= PROVIDED INFORMATION =

☆ ☆ ☆ ☆ ☆ ☆ ☆

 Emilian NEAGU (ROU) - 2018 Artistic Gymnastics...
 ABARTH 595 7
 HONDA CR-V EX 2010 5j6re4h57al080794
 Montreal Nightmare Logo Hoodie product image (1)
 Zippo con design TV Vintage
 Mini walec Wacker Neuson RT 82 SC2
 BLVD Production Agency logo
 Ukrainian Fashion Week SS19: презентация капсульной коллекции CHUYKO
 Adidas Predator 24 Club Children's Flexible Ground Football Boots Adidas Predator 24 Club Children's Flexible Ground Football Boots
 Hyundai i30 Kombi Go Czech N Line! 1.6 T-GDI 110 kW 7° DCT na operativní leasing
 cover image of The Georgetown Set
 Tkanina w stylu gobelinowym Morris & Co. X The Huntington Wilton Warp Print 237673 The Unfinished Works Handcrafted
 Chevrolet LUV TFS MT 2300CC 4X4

☆ ☆ ☆ ☆ ☆ ☆ ☆

= REQUIREMENT =
Go through the lines above and tally those with the string "image". The total is all that is needed.

= EXERCISE SOLUTION =
2